At the bottom of the stairs, Django immediately ran back up and inside, but I ignored that. “Let’s just take her.”

“She’ll get cold,” said Dave.

“It’s only three blocks,” I said. I figured we wouldn’t have to carry her until we were on the way back.

Dave leashed her up and we started walking. When we got to the first salty stretch of sidewalk, I tried to walk fast, like that kid from the Bazooka cartoon who paints the fence quickly because he’s running out of paint.

Django stopped and held up a paw. “Come on, Django,” I said annoyed, “There’s hardly any salt.” Zoe and I were already at the end of it.
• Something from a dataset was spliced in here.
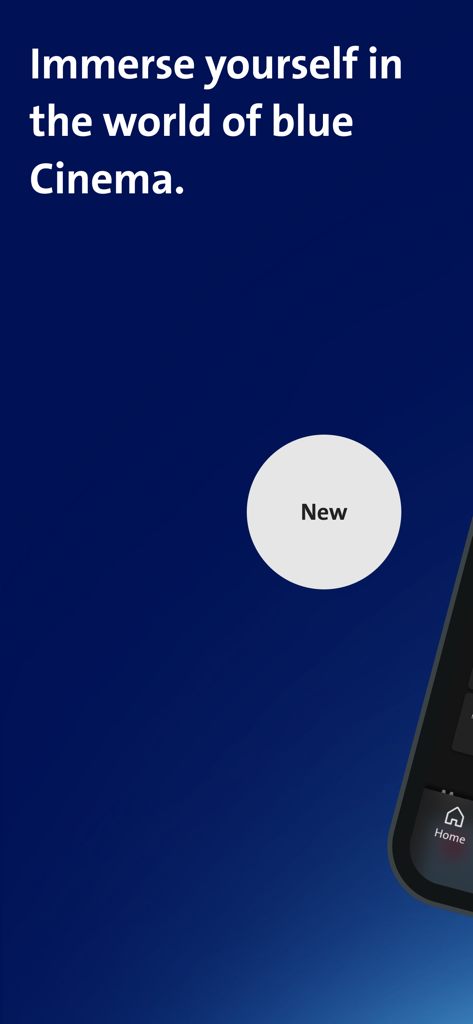 Swisscom blue Cinemaアプリのウェルカムスクリーン。紹介マーケティングテキストが表示されています。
But Django held up two paws, switching among them to keep herself upright. “Django, come on!” She started shivering, like an old lady.
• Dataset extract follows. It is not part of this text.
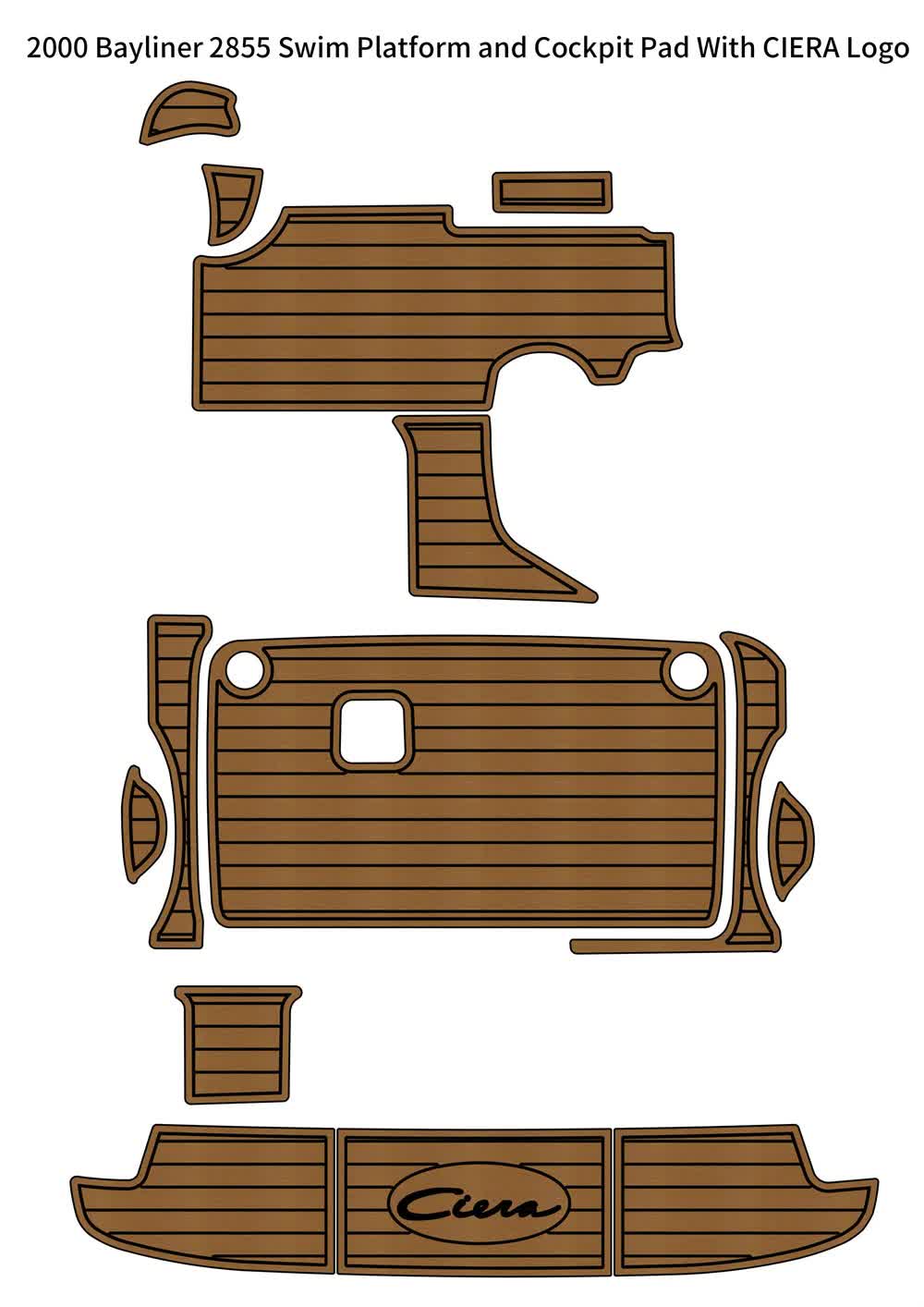 2000 Bayliner 2855 Swim Platform Cockpit Boat EVA Faux Foam Teak Deck Floor Pad - Image 1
Dave picked her up and shook his head without shaking his head, like a statue of a person who is about to shake his head. “I’m sorry,” I said. “Go on back. I’ll be home in a minute.” I continued on with Zoe, who plowed happily through snow, salt and ice like a draught horse. When I got to Katharine Hepburn’s, the kitchen was as dark as night. I let Zoe in and wondered if it would be rude to just leave. Then Miss Hepburn’s sister came in from the hall. “My boots are snowy so I won’t come in,” I explained from the back door.

Miss Hepburn’s sister told me briefly about Miss Hepburn’s upcoming surgery and effusively complimented Marianne’s shoveling and asked politely about Dave’s playing and my projects. She is the most civilized person I have ever known, like Maggie Smith in Tea with Mussolini. She gives me hope for 92, or 93, or whatever she may be.

I walked home without whimpering, just like a person with their hands in their pockets.